Drake’s is perhaps the most respected English tie maker today amongst the connoisseurs of fine ties and people in the industry themselves. Drake’s main driving force since the company’s inception in the late 70s was Michael Drake the founder and owner of Drake’s. His charisma, taste and genuine passion for quality ties made in London simply put was the Drake’s brand.
Over a year ago Drake’s was sold to Malaysian businessman Mark Cho and Michael Drake left the company. People have been left wondering what direction Drake’s will now take. Will we see production moved to China? Will we see consistency in terms of design? Where will the brand be in several years? With the opening of the first Drake’s stand-alone shop in Clifford Street how will this affect such a cherished brand? Will we see Drake’s stores opening up all over the place?
My good friend (going back to our days at Richard James) Michael Hill was recently minted as the new creative director of Drake’s. Michael spent several years as Michael Drake’s assistant after leaving RJ and knowing him the way I do I can say that his genuine flair and love of clothing make him the perfect choice for his new role.
I got together with Michael to ask him some serious and direct questions about Drake’s and its future. I got some serious and direct answers that I am sure many will be interested to read.
Before you took on your new role you spent several years at Drake’s working directly with Michael Drake but what attracted you to working at Drake’s in the first place?
I think Michael Drake the man was a real draw and the opportunity to work with and learn from Michael was irresistible. I had also grown up with a tie background; my Father and Grandfather were both involved in the tie business so I always had a real reverence for what they did and a passion for ties and clothing in general.
There has been a lot of speculation and concern that Michael Drake’s “Drake’s” will be a thing of the past and that perhaps as you expand you will inevitably look to manufacture your ties abroad rather than in London. Is this going to happen?

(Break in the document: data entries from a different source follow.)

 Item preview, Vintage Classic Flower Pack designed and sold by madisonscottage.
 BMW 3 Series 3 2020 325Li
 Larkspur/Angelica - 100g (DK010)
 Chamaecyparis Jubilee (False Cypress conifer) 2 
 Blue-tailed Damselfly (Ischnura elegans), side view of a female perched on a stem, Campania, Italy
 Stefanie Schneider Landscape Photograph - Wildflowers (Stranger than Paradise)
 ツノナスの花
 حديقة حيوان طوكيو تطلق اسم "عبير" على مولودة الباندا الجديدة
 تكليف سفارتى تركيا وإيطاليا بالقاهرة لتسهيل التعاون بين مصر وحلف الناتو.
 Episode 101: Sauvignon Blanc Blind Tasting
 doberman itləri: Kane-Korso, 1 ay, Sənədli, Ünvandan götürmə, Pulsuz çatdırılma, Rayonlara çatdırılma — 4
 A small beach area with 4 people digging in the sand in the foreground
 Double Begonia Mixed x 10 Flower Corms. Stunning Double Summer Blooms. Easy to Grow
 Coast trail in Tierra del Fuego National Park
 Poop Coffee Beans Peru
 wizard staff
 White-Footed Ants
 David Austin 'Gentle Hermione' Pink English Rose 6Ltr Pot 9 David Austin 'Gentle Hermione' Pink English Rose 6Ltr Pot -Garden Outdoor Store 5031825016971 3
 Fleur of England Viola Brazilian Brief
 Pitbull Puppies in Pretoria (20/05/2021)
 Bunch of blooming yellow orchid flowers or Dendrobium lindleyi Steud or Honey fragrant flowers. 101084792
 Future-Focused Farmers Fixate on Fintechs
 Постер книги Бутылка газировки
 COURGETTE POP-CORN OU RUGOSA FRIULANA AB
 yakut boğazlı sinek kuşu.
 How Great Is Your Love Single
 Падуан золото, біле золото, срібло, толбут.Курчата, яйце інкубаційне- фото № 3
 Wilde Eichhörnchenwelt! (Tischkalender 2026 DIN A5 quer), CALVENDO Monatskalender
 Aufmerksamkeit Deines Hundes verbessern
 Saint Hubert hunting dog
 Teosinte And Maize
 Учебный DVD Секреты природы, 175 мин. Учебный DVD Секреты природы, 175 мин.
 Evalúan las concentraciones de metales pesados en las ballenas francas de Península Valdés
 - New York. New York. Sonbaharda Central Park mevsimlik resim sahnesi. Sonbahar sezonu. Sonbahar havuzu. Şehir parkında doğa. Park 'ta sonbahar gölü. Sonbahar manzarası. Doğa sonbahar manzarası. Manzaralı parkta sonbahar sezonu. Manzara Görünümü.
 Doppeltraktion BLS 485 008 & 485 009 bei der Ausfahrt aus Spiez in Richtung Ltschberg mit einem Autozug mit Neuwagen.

Firstly, I totally understand the concern people have for the brand and Michael’s Legacy. Very often when an investor comes into a brand people do get nervous but our new owner Mark Cho and I are very much in agreement that we should stay true to our heritage. What we are looking to do is essentially keep the company the way it is but just make the brand and the product more accessible which is why we recently opened up our first retail store in Clifford Street and we have been working on expanding the range of products we sell and offering them on our website. We still have the same great workers and design team with us and I worked for a number of years as Michael’s assistant before taking over my current role so I personally want to stick with the company’s heritage and our new owner feels that way as well. As far as manufacturing abroad I can tell you that there are no plans for this and we are in fact refurbishing a new larger factory a stones throw away from our original workroom. We are going to continue making ties by hand in East London.
In terms of making Drake’s more accessible and as we see your product range and presence grow especially with the retail store will we see a true Drake’s "look" emerge? What will this be? And who are your customers?
As we start to introduce new products we have to make sure they are the right ones and that they compliment the ties which were, are and always will be our core business and our starting point with everything. I am quite lucky in the sense that now I am putting together products and looks that Michael Drake always talked about. At one point we were selling ties, scarves and handkerchiefs but now we can put the tie together with the shirt, the handkerchief the suspenders and the cuff links to suggest a look. Although we sell jackets we have no plans to move into selling suits because that is not who we are. Rather we see our clients as the type of men that would buy a beautiful suit from Savile Row or from someone like yourself and by extension they should buy their tie and accessories from someone who knows about those things and who has a history of working with those items. We have lots of younger customers now and have lots of people in their 20s buying narrower ties and even bowties. Our internet presence probably helps this. We remain committed to our traditional clientele and ways of doing things but in many ways I think that the store and the internet presence just allows the younger customer to find us more easily and when they discover what we do and who we are hopefully that resonates with them in a positive way.